Private Communities and Societal Norms

In 1992, when planned communities came under heavy criticism and CAI resorted to an intensive lobbying effort, a Journal of Land Use and Environmental Law paper by Todd Brower said the following, among other things:

“By creating distinct community norms and amenities, common interest developments promote the value of private autonomy and personal liberty … Therefore, the ability to structure one’s private environment and to create a shelter from society [in which any goes] becomes particularly valuable, especially in and around the home”.

This holds true today when most HOA residents want to control who can do what next door to maintain property values. But the author continues with,

“Accordingly, to provide this separate sheltered environment. residential association regulations have pervaded community life … residential associations have the power to enter an individual’s home to inspect for violations of residential restrictions and may forcibly expel a non-conforming member from the community … the personal autonomy of some individuals entails joining other like-minded persons in homogeneous communities which must then suppress the individualism of its members to preserve the counter-culture nature of the association. Thus, sometimes personal autonomy and individual liberty in common ownership situations intrude upon other substantive societal values.”

In other words, we must play by the rules for the benefit of property values and to do this the HOA must take away your rights and freedoms. And, the courts have accepted this proposition that you fully agreed to surrender your rights. Brower adds, “The essential premise of a residential private government is that it is fully consensual … this assumption is problematic”.

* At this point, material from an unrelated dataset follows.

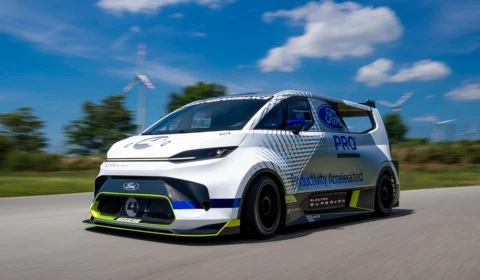 Ford apresenta supervan elétrica de 2.000 CV inspirada na E-Transit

What has happened, we may ask, in the ensuing 12 years to allow the Arizona Legislature, and other state legisaltures, to pass laws like, taking away the homestead protection, not providing constitutional due process, and allowing HOA attorneys to highly profit from an abuse of the legal system in regard to HOA foreclosures and fines?

Surely, not the influence of the CAI’s, non-enemy, lobbying efforts and the failure of homeowners to effectively organize opposition.